虚弱生産士は今日も死ぬ ―小さな望みは世界を救いました―
聖獣祭中篇 その07
お次に向かうのは南……ではなく北西。
これまでとは真逆(場所もイベントも)なこちらに来たのは、そろそろセルフでの戦闘もやってみようと思ったからだ。

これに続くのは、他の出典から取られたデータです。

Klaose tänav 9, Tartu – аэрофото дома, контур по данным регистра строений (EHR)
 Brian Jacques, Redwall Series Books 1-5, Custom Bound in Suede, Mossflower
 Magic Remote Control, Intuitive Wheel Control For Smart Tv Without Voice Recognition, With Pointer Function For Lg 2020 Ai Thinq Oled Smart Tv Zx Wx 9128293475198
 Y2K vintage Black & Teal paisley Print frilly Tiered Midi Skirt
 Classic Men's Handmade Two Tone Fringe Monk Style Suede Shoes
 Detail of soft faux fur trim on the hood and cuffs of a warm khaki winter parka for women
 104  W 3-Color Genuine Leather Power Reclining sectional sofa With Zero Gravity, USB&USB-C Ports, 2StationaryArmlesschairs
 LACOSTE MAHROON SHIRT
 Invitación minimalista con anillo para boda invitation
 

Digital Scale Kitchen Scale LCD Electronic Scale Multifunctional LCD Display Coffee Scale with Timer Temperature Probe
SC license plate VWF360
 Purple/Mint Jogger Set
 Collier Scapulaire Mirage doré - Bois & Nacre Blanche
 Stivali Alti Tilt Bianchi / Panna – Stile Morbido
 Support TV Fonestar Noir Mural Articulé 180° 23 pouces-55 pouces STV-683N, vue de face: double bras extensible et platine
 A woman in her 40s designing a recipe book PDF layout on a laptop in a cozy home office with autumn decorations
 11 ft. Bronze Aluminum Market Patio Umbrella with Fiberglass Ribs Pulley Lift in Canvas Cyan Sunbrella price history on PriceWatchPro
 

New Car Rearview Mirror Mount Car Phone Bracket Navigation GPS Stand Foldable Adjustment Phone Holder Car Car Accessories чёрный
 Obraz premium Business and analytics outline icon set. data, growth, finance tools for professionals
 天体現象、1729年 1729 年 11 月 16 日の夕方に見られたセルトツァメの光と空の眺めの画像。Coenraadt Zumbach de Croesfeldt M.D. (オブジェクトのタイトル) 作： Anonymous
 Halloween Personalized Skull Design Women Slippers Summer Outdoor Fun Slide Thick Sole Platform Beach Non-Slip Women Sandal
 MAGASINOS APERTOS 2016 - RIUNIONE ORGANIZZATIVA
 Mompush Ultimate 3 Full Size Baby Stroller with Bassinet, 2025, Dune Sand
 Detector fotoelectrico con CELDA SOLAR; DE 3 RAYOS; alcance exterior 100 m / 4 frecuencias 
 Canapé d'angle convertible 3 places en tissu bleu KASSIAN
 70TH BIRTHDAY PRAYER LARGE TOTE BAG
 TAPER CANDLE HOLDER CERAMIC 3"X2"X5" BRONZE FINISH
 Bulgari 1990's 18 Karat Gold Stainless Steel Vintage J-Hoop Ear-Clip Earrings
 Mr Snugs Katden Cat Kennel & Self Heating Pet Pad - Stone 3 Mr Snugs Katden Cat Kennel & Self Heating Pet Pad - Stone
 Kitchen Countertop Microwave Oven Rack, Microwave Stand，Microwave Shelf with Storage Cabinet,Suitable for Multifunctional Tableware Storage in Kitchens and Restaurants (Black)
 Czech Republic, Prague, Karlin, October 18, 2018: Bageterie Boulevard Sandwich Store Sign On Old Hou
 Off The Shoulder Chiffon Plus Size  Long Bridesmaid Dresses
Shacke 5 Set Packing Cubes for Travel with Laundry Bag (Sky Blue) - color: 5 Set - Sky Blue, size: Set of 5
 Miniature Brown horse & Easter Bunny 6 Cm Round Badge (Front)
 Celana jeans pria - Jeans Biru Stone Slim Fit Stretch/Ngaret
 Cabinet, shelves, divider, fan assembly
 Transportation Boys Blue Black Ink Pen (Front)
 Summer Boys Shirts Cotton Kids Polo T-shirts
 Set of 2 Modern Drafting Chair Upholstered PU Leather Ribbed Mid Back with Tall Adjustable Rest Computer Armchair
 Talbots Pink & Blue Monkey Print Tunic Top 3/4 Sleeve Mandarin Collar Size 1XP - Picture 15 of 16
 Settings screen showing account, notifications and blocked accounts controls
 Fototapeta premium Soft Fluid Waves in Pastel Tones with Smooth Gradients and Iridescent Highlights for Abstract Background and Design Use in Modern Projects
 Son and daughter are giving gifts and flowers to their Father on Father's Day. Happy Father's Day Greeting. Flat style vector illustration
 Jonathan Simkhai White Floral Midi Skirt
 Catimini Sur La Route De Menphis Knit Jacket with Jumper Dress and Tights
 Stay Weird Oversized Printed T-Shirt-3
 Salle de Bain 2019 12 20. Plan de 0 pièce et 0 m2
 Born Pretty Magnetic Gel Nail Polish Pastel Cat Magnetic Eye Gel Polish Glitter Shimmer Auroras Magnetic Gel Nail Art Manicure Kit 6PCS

「北西は純粋なバトル。ルールを用意してある西と違って、たとえ死んでも自己責任扱いになるって場所だしな」
まあ、ちゃんと治癒班が待機していて、可能な限り治しているようだけども。
それにこの期間中は聖獣様の力で、区画ごとに命の保護設定がされているらしいし。
「それじゃあ、まずは──『インストール:バトルラーニング』」
体を無理に動かし、最適な戦闘を強制する『プログレス』を起動。
知覚できるすべての攻撃を、これで捌けるようになった。
「ついでに“神持祈祷:ヴィジョンアイ”」
知覚できない攻撃を、先読みすることで事前に把握できるよう祈った。
未来視の能力によって、いつどのタイミングで攻撃が来るかが分かるようになる。
まあ、祈った方は初期状態での使用となるため、さほど使えないのだけども。
あくまでも最低限、切っ掛けづくりのためなのでこれで構わない。
「ここの条件はたしか……一定数の魔物の討伐か直接森獣と戦って、実力を認められることが条件だったっけ?」
《いかがなさいますか?》
「そのどっちでも、許可は貰えるみたいだけど……やっぱり戦わないと、加護の方が難しそうだしな。あと、単純に数をやるのが面倒臭いから一気に終わらせたい。となると、どこかにいる森獣を探した方がいいだろう」
魔核レーダーを起動するが、この区画には複数体の個体の反応があった。
さすがは戦闘用の区画、魔獣を何体か取り揃えているようだ。
「まあ、全部探せば見つかるだろう。そもそもまだ馴染んでいないし、ちゃんと戦えるようにしていこう──“職業系統樹”っと」
戦闘系の職業を俺はあまり持っていない。
だが、強者と関わったことで強制的に解放された職業がいくつかある。
「【聖騎士】、それに【竜戦士】。これが今の二大戦力だな……他にもあればいいのに。あっ、他は万能にできるよう【聖職者】でも組み込んでおくか。あとは……適当で」
前者は『騎士王』、後者は『龍王』……今じゃ元『龍王』の協力で得た職業だ。
ちゃんとクエストも受けて、面倒な手続きではあったがな。
それに加え、回復ができる【聖職者】や他にもいくつか職業を選んでおく。
「こっちは……『貧弱な武力』、『静寂の狩人』、『人間爆弾』、『魔王殺し』、『素人武人』をセットしておくか」
最後に[称号]も考えて……準備は万端、戦闘開始といきますか。